Generation 1 - Current best internal CV score: 0.7963592542964288

Generation 2 - Current best internal CV score: 0.7963592542964288

Generation 3 - Current best internal CV score: 0.797306761873072

Generation 4 - Current best internal CV score: 0.7993924296518791

Generation 5 - Current best internal CV score: 0.7993924296518791

Best pipeline: XGBClassifier(MultinomialNB(MinMaxScaler(input_matrix), alpha=1.0, fit_prior=True), learning_rate=0.1, max_depth=1, min_child_weight=13, n_estimators=100, n_jobs=1, subsample=0.3, verbosity=0)
0.7849829351535836
CPU times: user 1min 10s, sys: 12.5 s, total: 1min 23s
Wall time: 9min 24s




## Note

I have tried multiple ways to clear this future warning, and I am not able to do it. I have updated sklearn, tried to find other ways to score, imported other packages, and I am at a loss for what to do.
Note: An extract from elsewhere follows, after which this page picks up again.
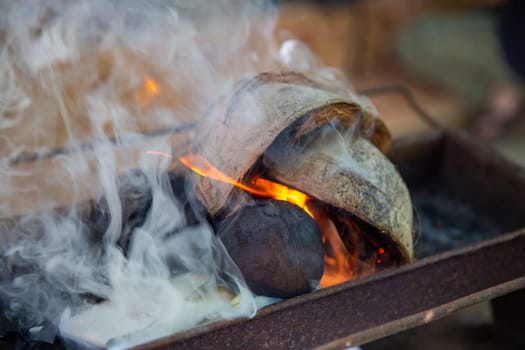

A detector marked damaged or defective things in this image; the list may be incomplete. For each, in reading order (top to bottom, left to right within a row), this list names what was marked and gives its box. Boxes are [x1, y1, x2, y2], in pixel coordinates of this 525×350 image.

dark charred surface [214, 198, 322, 300]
I also tried to learn how to ignore a warning in a single cell, but I didn't want to mess up anything else.

In [57]:
from sklearn.metrics import accuracy_score
print(f'Accuracy of the TPOT predictions: {accuracy_score(y_test,predictions)}')
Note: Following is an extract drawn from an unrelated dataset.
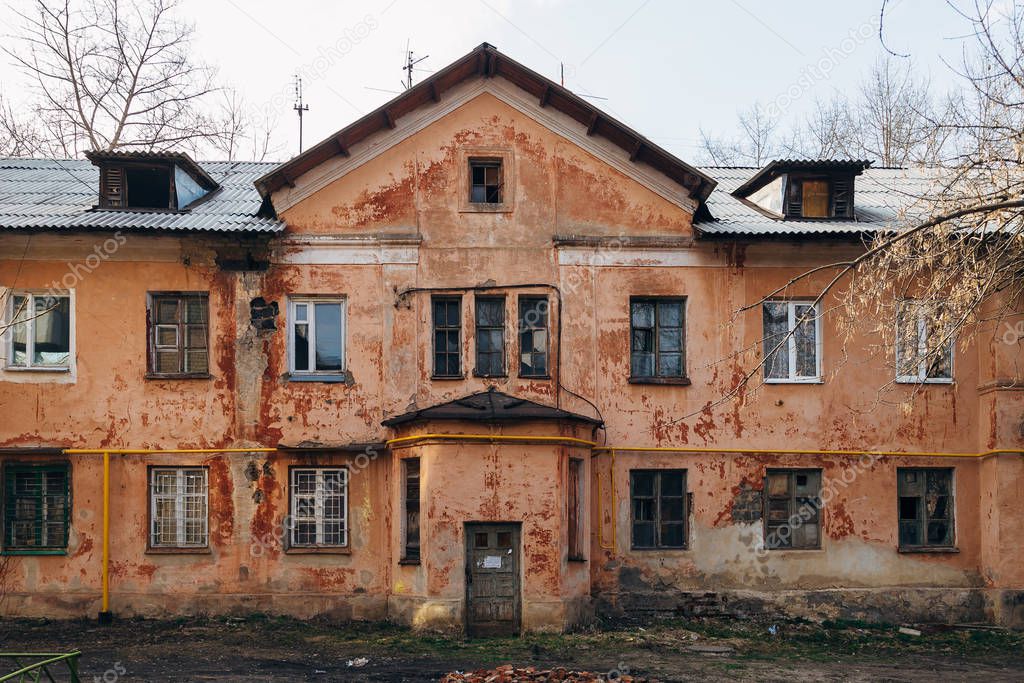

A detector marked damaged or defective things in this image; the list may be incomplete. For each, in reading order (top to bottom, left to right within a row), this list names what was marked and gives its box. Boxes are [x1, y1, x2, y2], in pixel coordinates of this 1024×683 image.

Accuracy of the TPOT predictions: 0.7849829351535836


In [58]:
tpot.export('tpot_churn_pipeline5.py')

In [65]:
from IPython.display import Code

Code('tpot_churn_pipeline5_filledin.py')

## Running Python File

This one had me confused with trying to convert the customerID from a string to a float, but then I realized I could add the index_col parameter to the read_csv function and it worked. I printed the results below but due to the size of the dataset it is only printing the first and last three results.

In [66]:
%run tpot_churn_pipeline5_filledin.py

[0 0 1 ... 0 0 0]


# Summary

The prepped data was imported, split into test and train sets, then fit to a TPOT model. The TPOT ran 5 generations and found that the best pipeline was XGBClassifier. The TPOT was exported to a python file, which I then updated with the correct file path and target column name and ran it again on the prepped data. The TPOT accuracy was 78% which is better than the "no information" rate we looked at earlier in the data analysis. And the average score on the training set was 80% for the selected model, XGBClassifier. Overall, comparing to the other models that we have tried in recent weeks, the performance is about the same as other models.